Cultivating Resilience In Children From Divorced Families

There are right ways, and there are wrong ways, to go about stopping a divorce from happening, and often there’s a very fine line between the two. You’ve probably heard a lot of tips and advice, especially if you’ve cruised the Internet looking for information. Can you believe everything you read online? Unfortunately, you can’t, because there are no controls over what anyone can write and post. With this in mind, there is something you need to consider. Take everything you read with a grain of salt; apply the advice if you think it’s something you should do, and ignore the suggestions that may get your marriage into even worse trouble.
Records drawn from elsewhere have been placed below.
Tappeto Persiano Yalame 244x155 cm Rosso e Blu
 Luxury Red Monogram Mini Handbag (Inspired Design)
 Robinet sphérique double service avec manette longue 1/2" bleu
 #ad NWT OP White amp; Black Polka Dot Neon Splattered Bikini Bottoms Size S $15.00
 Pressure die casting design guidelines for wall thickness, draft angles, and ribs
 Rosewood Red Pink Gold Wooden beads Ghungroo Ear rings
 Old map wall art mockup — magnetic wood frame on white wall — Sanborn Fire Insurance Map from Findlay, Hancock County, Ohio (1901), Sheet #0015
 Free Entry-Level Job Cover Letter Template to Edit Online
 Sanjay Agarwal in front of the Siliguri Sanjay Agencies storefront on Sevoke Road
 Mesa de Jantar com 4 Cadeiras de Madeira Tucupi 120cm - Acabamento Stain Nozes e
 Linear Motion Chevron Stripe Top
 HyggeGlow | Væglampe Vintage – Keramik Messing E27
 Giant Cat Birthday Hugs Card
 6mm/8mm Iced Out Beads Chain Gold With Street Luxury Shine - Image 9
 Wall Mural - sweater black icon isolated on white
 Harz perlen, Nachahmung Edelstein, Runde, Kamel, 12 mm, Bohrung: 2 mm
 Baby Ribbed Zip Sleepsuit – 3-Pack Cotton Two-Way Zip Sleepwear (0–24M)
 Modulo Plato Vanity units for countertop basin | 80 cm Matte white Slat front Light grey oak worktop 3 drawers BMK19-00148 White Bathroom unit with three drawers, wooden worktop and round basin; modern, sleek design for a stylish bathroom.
Most articles regarding marriage and divorce advise you to continue to communicate with cultivating resilience your soon-to-be-ex children spouse. It divorced seems families like a viable suggestion, and it is as long as you use this tool to your advantage. Chances are, you’ve already said too much, and anything else you say can be used against you. If you continue to insist on talking to your ex, such as by texting and calling them multiple times every day, your desire to communicate is going to end up hurting your cause. No one wants to be harassed constantly. Make one attempt to talk to your spouse, whether in person or on the phone. If he or she doesn’t want to talk, wait a few days to try again. You don’t want to scare them off by pressuring them too much.
Advice that tells you to keep the status quo in your marriage to help avoid the issues that cultivating resilience in children from divorced families may cause a divorce isn’t always very sound. Instead of choosing to ignore the issues while hoping they disappear, you need to proactively try to improve your marriage. Listen to what your spouse has to say, and resist the paranoia that will tell you that he or she is trying to blame you. Act interested in what your spouse has to say, and get down and dirty in your discussions about ways you can improve your relationship. Such techniques as thoughtfulness, tenderness, and compromise should be obvious enough for you to act upon them without being asked.
Also contrary to popular opinion, you can save your marriage without your spouse being committed to doing so. If you’re willing to be introspective and then to change the things you find wanting in your own behavior, you can make a big difference in the way your relationship turns out. No matter what type of advice you read, you need to realize that only you can change the future. If you need to talk with a marriage counselor for help and support, then you should definitely do so. No one said you had to tackle this hurdle alone.